Like the Maggiore double murders of February 1978 in Rancho Cordova, the shooting in Ripon Court, February of the year before in Sacramento’s Glenbrook south of La Riviera, has often been linked with EAR. The difference is that the Ripon Court shooter was alone. In the case of the Maggiore double murders two men were seen, though we are not entirely certain if they were truly together. The locations are both off Highway 50 only minutes apart.
But the description of one of the two men out there at La Gloria and La Alegria in Rancho Cordova, and the description of the Ripon Court shooter in Glenbrook, are quite similar. Both were young, around 20 years old, both had oval faces and hair of the same color parted not-so-commonly on the right side.
Both were killers . . .
Ripon Court, south of Highway 50 near the La Riviera area. EAR had struck in La Riviera before. It was one of his early comfort zones. But he had never struck south of Highway 50. Nevertheless, he had come from this direction before. In the case of Number 11 on Grand Rio Circle he had taken her car afterward and parked it at the apartments on Great Falls Way, several blocks away down Occidental, the main road into Glenbrook from La Riviera. This is quite puzzling. It indicates that he came to her house by car or foot from several, several blocks away down here, and then drove the victim’s car back some place from which he could once again escape.
In any case, it underscores he traversed the area south of Highway 50.

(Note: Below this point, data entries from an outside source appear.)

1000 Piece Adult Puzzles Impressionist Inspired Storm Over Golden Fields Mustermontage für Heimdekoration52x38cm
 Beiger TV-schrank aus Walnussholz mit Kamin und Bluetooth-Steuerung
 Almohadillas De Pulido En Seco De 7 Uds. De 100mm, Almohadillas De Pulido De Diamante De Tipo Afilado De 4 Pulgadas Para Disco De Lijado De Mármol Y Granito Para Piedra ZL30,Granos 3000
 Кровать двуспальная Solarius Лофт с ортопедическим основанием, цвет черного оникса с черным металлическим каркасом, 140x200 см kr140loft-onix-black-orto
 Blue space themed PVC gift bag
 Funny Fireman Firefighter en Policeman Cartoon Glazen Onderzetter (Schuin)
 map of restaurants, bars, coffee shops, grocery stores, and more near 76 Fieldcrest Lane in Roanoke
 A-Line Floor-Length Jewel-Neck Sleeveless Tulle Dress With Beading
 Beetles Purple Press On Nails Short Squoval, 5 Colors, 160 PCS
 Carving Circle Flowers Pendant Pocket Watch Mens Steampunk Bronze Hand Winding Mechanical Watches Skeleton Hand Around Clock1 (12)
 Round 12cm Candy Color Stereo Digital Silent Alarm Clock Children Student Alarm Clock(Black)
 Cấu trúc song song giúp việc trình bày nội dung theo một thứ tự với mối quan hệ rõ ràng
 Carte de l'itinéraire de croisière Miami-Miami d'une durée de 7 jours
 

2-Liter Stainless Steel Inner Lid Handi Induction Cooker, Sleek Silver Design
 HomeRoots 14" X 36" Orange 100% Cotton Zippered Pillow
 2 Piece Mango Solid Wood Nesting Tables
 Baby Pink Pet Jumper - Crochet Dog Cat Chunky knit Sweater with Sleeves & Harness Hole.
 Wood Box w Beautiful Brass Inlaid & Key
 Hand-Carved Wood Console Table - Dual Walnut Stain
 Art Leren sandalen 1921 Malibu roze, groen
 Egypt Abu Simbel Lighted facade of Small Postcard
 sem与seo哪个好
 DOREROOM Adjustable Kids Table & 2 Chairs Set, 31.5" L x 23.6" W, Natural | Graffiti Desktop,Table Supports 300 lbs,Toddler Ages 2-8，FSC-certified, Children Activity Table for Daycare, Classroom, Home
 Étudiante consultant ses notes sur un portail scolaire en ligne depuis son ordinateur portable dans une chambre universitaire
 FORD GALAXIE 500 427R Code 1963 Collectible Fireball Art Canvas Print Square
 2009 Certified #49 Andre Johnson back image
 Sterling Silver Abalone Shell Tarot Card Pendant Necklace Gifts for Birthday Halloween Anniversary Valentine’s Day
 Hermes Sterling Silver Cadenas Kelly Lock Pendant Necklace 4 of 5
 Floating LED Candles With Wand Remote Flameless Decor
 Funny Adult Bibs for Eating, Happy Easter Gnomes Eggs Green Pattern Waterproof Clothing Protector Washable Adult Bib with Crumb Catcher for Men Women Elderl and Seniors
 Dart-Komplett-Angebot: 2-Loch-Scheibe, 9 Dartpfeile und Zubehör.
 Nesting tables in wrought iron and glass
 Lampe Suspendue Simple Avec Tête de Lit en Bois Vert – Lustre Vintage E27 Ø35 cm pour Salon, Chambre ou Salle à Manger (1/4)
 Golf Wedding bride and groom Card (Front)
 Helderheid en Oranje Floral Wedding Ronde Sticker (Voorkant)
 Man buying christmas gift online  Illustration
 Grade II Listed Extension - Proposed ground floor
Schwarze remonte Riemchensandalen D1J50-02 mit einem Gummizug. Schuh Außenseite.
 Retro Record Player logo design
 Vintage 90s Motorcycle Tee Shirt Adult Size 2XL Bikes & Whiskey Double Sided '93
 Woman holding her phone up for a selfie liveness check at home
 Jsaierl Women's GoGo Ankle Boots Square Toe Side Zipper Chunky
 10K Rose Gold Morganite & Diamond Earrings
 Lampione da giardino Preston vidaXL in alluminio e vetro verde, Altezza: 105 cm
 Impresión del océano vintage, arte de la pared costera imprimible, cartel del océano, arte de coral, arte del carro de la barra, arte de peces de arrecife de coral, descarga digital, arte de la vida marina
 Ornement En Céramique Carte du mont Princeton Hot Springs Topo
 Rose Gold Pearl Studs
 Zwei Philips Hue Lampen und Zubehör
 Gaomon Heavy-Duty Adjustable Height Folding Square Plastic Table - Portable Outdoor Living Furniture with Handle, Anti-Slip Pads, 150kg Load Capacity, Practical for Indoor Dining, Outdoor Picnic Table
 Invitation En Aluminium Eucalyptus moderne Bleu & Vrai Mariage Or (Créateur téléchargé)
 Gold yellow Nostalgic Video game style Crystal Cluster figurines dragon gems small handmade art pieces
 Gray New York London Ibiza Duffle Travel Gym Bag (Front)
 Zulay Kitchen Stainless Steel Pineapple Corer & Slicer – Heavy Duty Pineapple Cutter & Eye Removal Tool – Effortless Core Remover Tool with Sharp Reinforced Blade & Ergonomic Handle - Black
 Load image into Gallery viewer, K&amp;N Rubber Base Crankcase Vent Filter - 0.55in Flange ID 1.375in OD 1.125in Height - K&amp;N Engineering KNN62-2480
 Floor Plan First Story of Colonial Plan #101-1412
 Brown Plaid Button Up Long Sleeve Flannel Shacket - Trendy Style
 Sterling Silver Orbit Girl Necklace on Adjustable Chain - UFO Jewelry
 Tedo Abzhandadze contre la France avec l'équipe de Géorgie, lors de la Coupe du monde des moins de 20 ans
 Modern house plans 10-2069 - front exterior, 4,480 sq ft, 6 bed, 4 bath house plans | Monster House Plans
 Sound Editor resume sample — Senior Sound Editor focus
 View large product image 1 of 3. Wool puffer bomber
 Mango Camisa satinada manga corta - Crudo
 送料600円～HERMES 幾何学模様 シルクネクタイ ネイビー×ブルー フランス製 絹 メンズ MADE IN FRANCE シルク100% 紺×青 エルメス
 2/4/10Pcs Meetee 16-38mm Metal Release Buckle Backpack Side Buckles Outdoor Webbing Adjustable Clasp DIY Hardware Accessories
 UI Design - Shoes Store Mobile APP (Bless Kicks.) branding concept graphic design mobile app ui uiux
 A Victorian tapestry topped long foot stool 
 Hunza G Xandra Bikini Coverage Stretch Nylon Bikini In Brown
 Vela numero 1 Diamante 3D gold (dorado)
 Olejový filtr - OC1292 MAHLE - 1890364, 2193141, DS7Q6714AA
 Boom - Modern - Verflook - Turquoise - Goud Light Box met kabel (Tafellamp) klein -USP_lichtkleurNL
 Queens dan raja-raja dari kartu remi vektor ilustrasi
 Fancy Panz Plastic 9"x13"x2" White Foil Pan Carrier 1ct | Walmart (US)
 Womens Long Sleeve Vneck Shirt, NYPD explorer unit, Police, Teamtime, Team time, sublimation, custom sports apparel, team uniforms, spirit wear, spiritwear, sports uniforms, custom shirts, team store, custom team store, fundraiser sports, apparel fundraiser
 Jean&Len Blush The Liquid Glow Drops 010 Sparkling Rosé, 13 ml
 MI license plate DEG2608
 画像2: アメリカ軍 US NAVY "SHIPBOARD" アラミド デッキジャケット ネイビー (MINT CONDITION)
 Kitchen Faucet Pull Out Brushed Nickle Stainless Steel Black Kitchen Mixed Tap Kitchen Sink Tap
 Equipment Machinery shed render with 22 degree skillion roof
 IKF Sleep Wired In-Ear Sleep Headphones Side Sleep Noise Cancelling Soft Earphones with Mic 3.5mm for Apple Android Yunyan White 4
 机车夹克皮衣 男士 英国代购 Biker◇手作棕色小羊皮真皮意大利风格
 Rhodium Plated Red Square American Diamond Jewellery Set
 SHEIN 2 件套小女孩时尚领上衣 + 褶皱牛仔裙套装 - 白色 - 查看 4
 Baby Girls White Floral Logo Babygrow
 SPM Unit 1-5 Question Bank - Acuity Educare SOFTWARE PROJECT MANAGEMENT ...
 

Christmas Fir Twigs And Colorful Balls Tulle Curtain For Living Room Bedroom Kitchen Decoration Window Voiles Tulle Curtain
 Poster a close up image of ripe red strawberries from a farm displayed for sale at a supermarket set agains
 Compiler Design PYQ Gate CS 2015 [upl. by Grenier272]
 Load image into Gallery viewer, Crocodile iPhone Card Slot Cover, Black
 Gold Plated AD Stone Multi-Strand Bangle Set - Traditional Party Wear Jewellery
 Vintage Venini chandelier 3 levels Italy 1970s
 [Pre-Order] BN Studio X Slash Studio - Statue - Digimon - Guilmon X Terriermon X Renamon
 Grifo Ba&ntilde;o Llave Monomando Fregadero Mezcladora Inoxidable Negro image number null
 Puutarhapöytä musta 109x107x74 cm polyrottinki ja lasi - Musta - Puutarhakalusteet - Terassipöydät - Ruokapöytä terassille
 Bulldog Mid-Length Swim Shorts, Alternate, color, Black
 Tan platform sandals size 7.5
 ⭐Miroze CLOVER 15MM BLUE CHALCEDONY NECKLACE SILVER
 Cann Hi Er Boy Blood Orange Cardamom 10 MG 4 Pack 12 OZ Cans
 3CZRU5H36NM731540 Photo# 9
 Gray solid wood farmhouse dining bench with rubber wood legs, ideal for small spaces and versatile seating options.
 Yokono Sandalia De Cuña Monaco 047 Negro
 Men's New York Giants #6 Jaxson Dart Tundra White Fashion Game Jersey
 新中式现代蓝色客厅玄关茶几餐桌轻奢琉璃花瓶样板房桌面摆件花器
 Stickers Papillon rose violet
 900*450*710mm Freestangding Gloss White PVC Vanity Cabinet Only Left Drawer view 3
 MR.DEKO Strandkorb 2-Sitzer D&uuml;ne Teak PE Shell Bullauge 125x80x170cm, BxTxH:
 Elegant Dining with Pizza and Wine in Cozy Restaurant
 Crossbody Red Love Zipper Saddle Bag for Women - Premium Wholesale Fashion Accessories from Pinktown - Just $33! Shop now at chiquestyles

In other respects Ripon Court fits EAR’s stalking MO. It was across from a school and park. It was off a fairly central street to the main road (Notre Dame/Julliard) out of there back to La Riviera or Folsom Blvd. It was a cul de sac. EAR frequently struck around them or stalked in them. The yard in which he was first found was the second house. EAR frequently struck the second house from the corner. This may not have been the intended house. It may have been the house behind it on Notre Dame Drive, also a house second from the corner.
Ripon Court marked by an exclamation point in relation to main roads and the other victim locations in La Riviera (marked by their number) and the exclamation point marking where EAR left Victim 11’s car.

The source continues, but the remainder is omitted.